━━━ MATERIALS PROVIDED
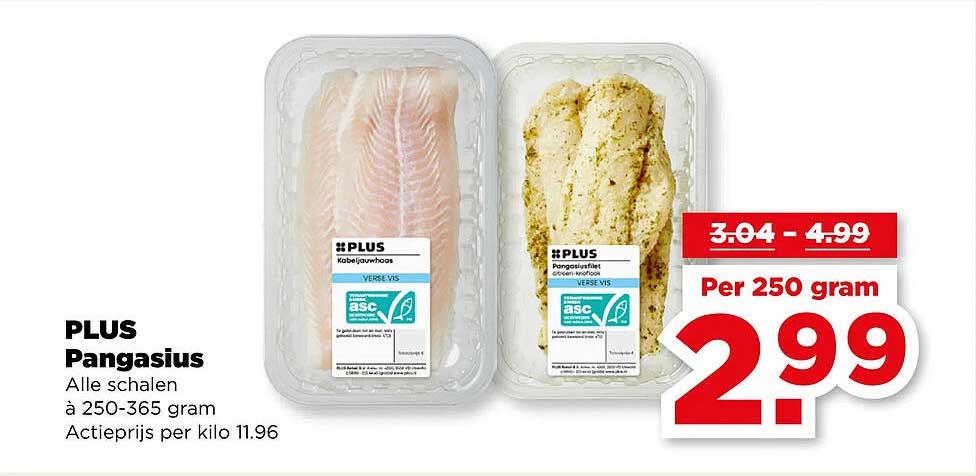 PLUS Pangasius Alle schalen à 250-365 gram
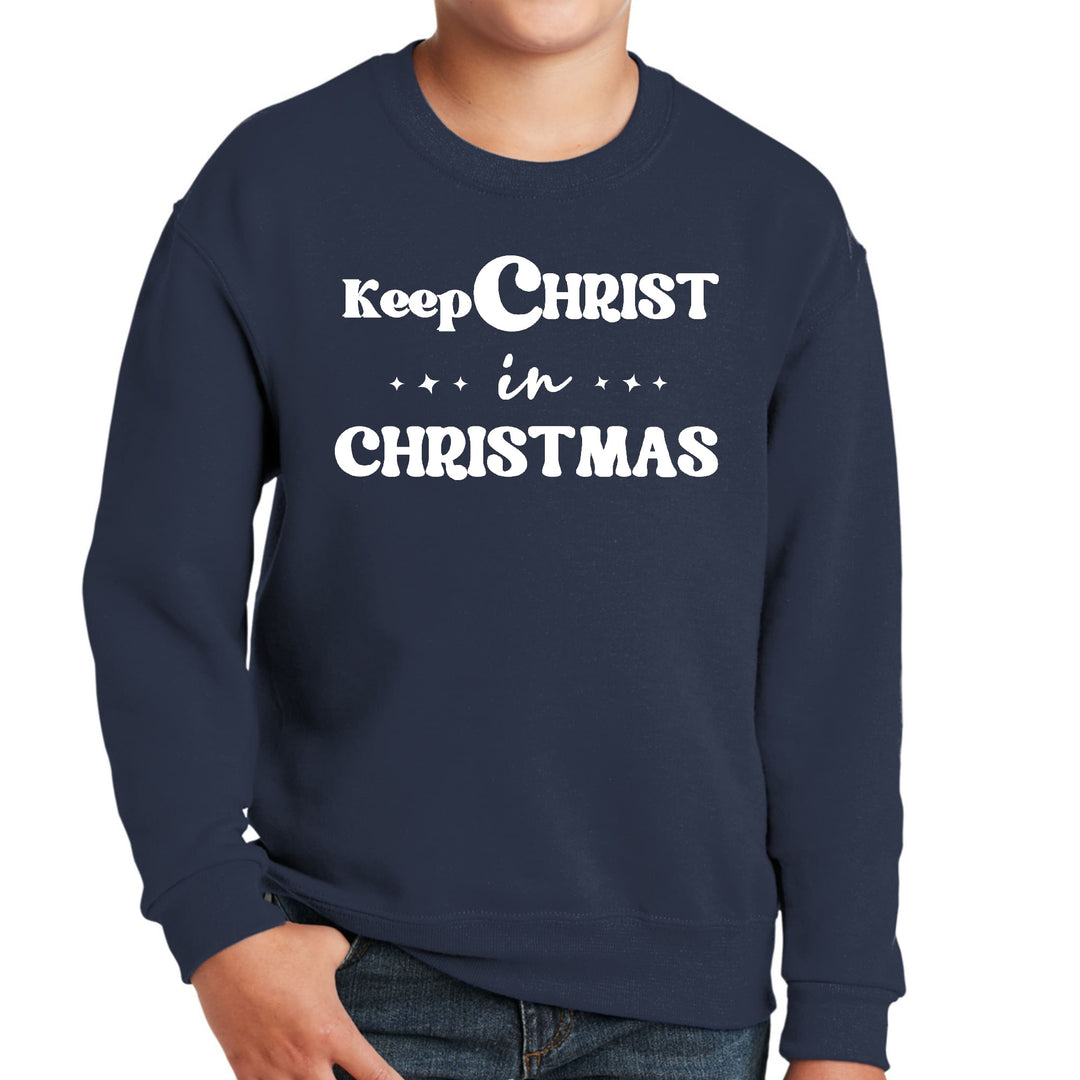Youth Graphic Sweatshirt Keep Christ in Christmas - Christian Holiday-3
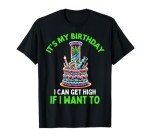 Birthday Marijuana Cannabis Weed Funny 420 Stoner Humor Gift T-Shirt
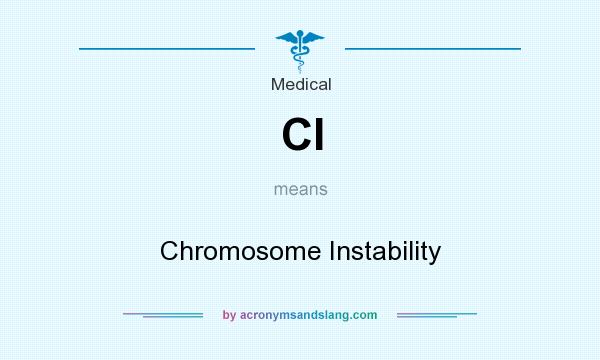 What does CI mean? It stands for Chromosome Instability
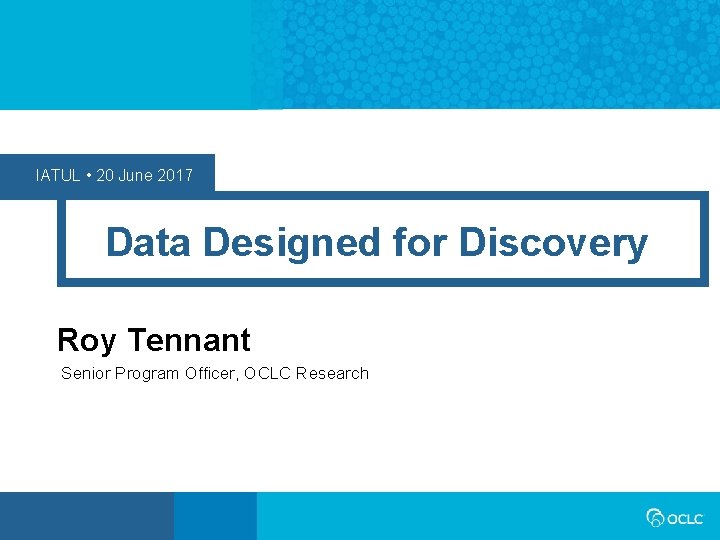 IATUL • 20 June 2017 Data Designed for Discovery Roy Tennant Senior Program Officer,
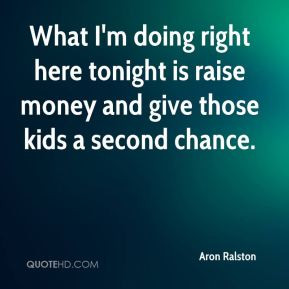 Aron Ralston - What I'm doing right here tonight is raise money and ...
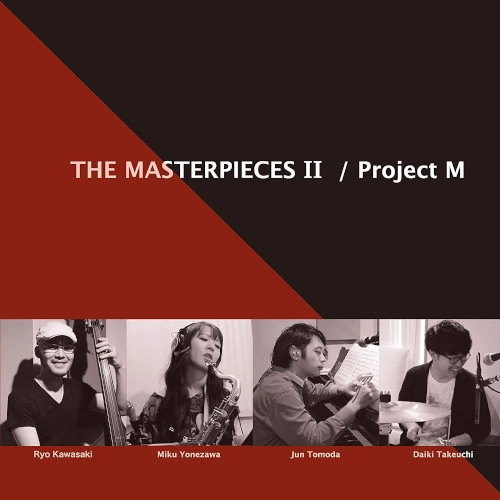 Project M / マスター・ピーシズII  / MASTERPIECES  II 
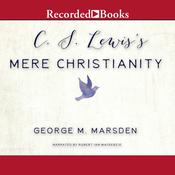 C.S. Lewis's Mere Christianity by  George M. Marsden audiobook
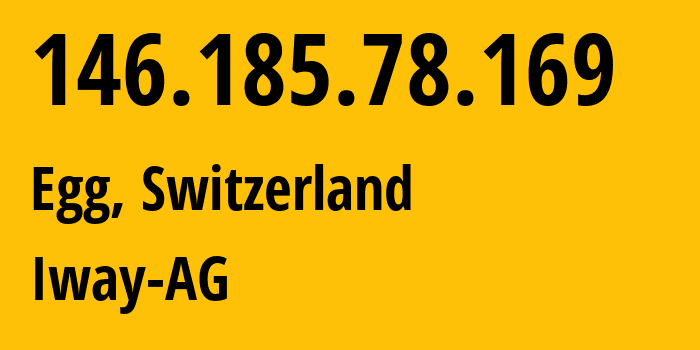 IP-адрес 146.185.78.169 (Niederuzwil, Saint Gallen, Швейцария) определить местоположение, координаты на карте, ISP провайдер AS8758 Iway-AG // кто провайдер айпи-адреса 146.185.78.169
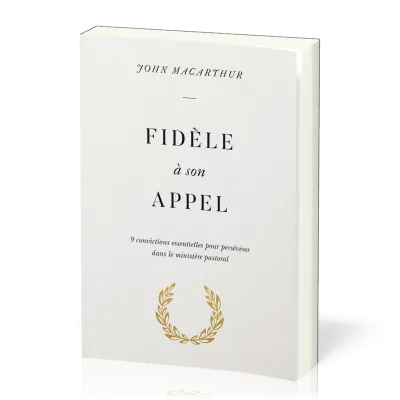 Fidèle à son appel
━━━━━━
WORK ORDER: Write out exactly the lines above between the one with "Youth Graphic Sweatshirt" and the one with "C.S. Lewis's Mere", inclusive, with pictures left out.

ANSWER BELOW:
Youth Graphic Sweatshirt Keep Christ in Christmas - Christian Holiday-3
 Birthday Marijuana Cannabis Weed Funny 420 Stoner Humor Gift T-Shirt
 What does CI mean? It stands for Chromosome Instability
 IATUL • 20 June 2017 Data Designed for Discovery Roy Tennant Senior Program Officer,
 Aron Ralston - What I'm doing right here tonight is raise money and ...
 Project M / マスター・ピーシズII  / MASTERPIECES  II 
 C.S. Lewis's Mere Christianity by  George M. Marsden audiobook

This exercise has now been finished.